## ABOUT THIS TASK
Beginning with the line that contains "Aesthetic Clear Chibi" and ending with the line that contains "KANOR 4G ram", reproduce the lines of the entries below exactly, omitting pictures.

## DATA IN THIS EXERCISE

--------

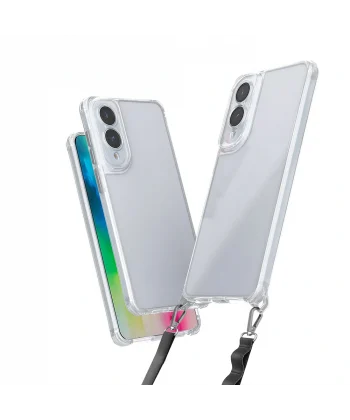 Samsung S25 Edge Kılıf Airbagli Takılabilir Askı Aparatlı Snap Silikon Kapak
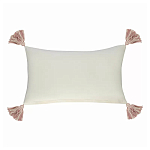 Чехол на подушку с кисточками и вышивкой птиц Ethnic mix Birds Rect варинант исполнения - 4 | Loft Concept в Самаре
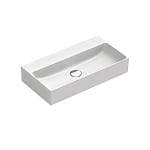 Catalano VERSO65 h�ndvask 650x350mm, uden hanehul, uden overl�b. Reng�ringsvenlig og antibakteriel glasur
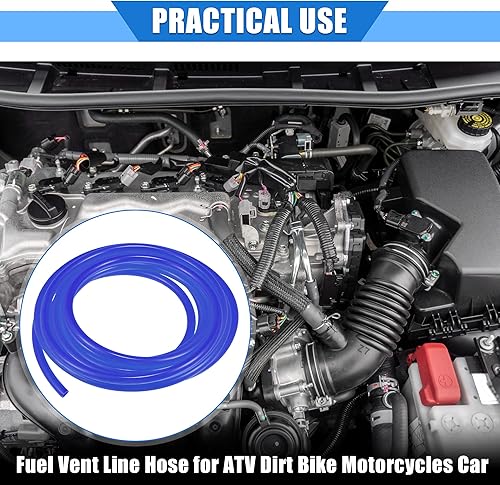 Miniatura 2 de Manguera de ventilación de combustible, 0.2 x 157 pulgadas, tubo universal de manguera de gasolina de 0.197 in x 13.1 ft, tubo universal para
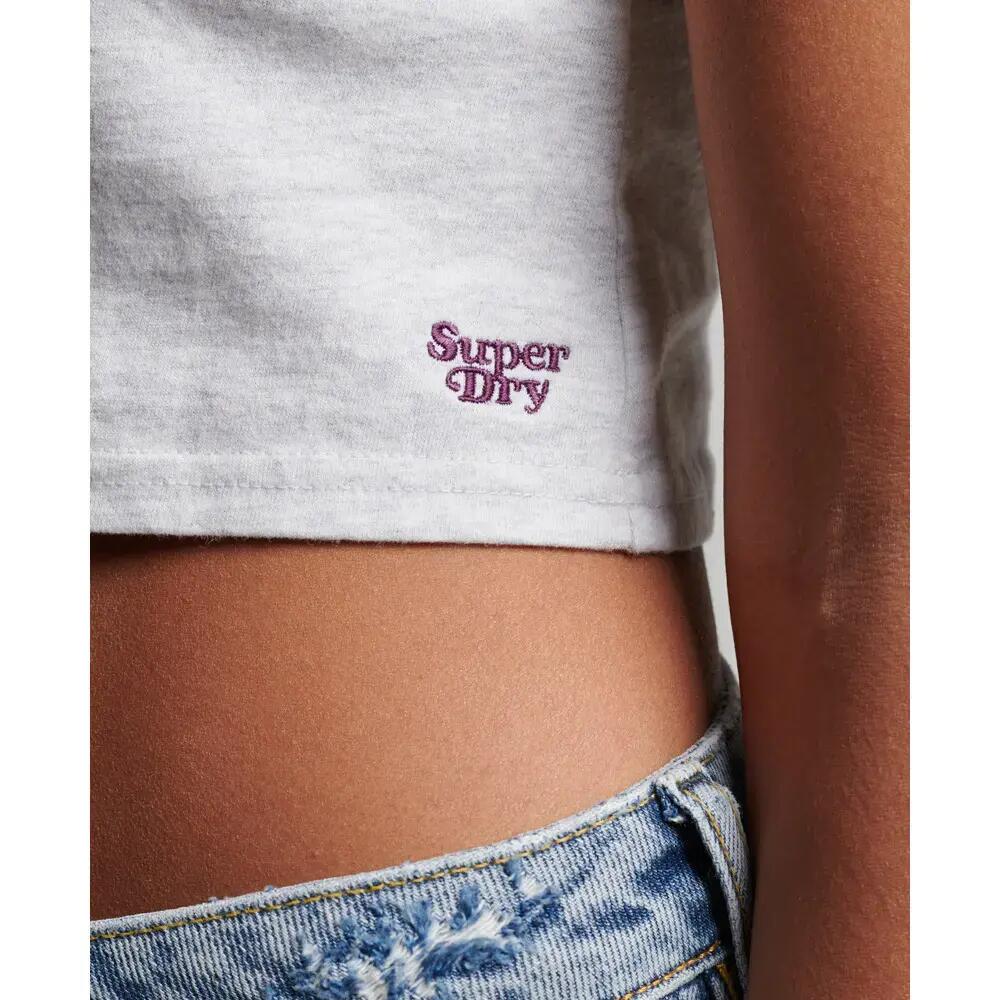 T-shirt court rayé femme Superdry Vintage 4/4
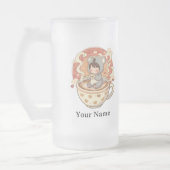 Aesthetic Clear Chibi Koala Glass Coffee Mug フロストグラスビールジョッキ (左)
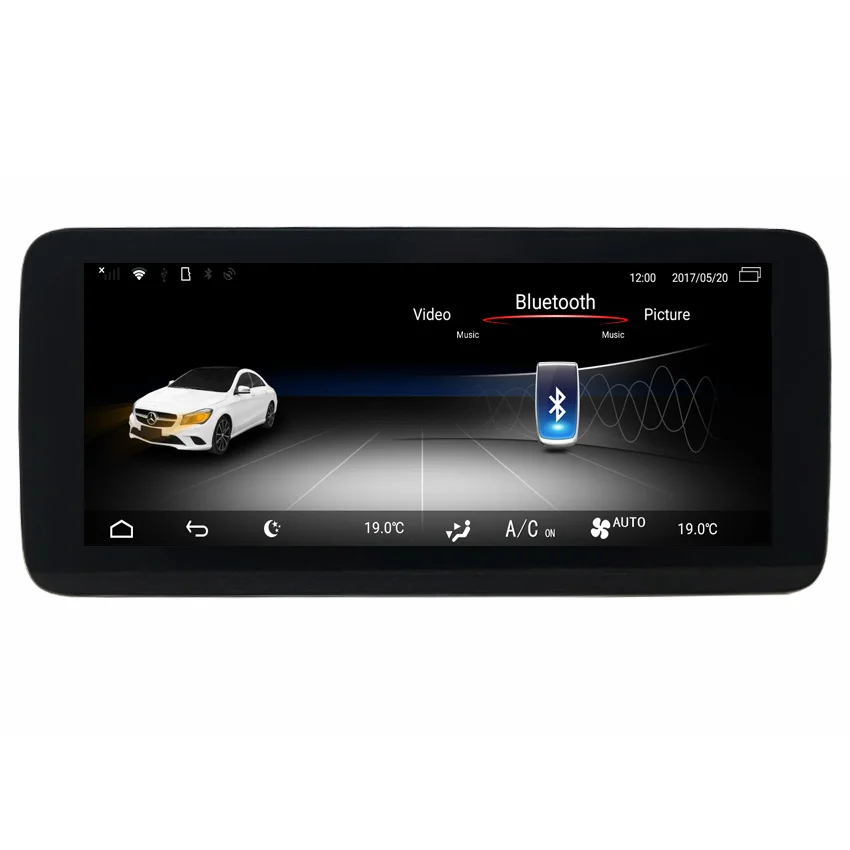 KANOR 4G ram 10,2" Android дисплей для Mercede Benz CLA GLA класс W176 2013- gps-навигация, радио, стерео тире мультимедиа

--------

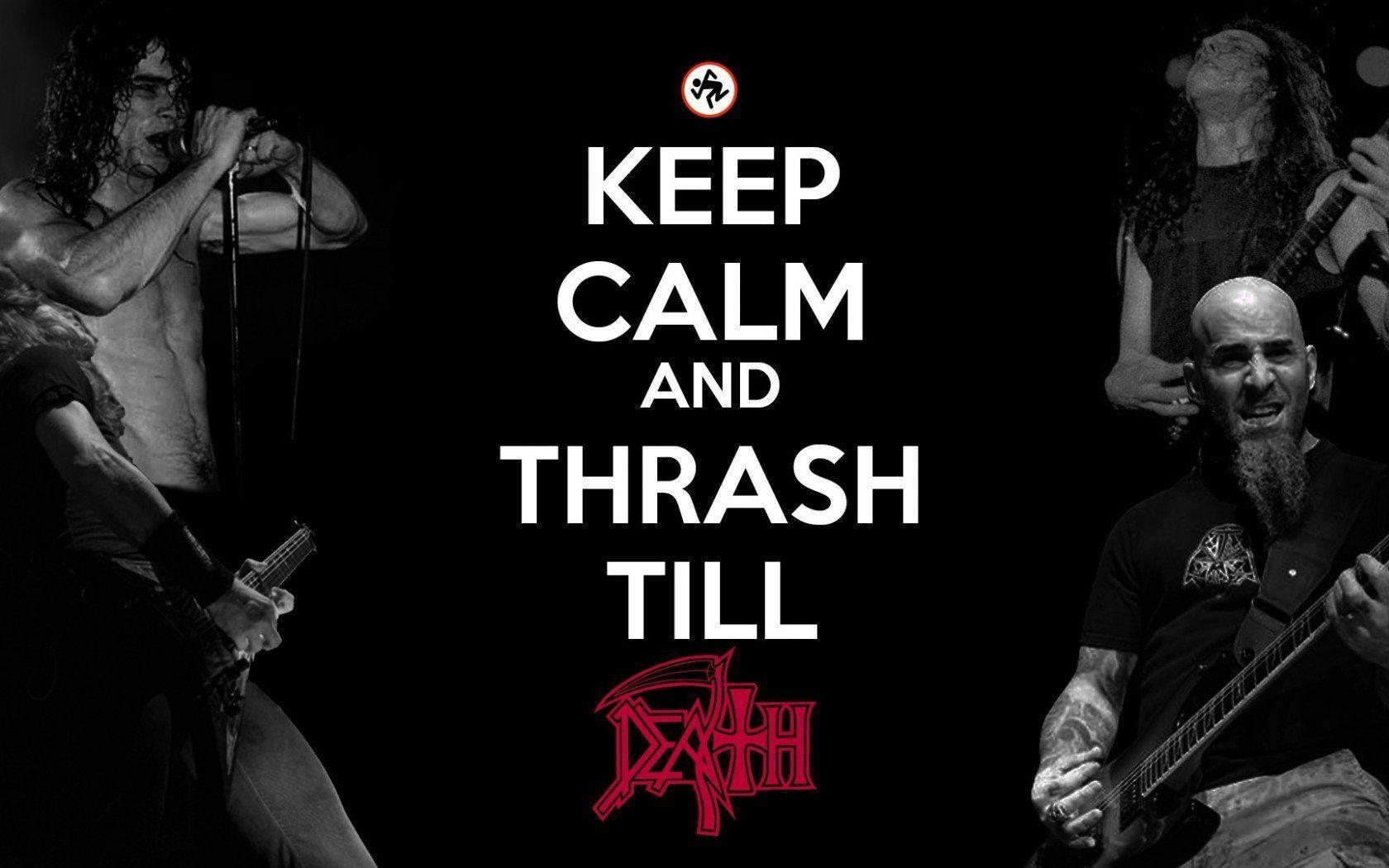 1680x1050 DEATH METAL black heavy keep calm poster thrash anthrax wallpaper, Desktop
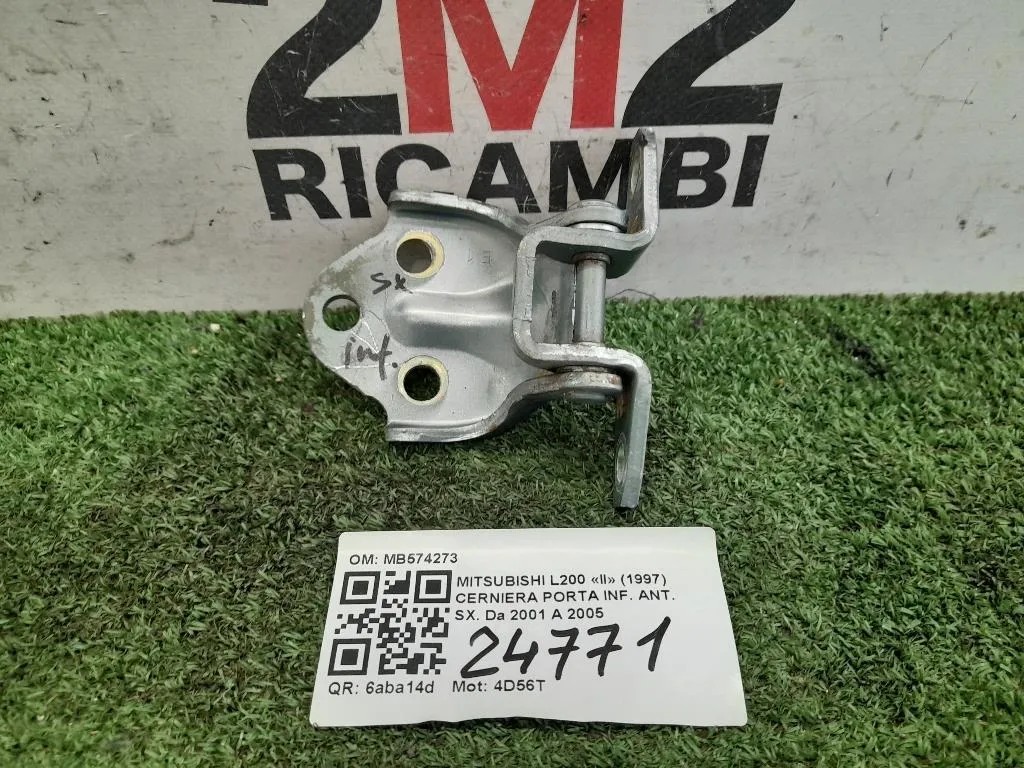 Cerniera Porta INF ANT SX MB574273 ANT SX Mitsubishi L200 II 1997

--------

## SOLUTION FOR THIS EXERCISE
 Aesthetic Clear Chibi Koala Glass Coffee Mug フロストグラスビールジョッキ (左)
 KANOR 4G ram 10,2" Android дисплей для Mercede Benz CLA GLA класс W176 2013- gps-навигация, радио, стерео тире мультимедиа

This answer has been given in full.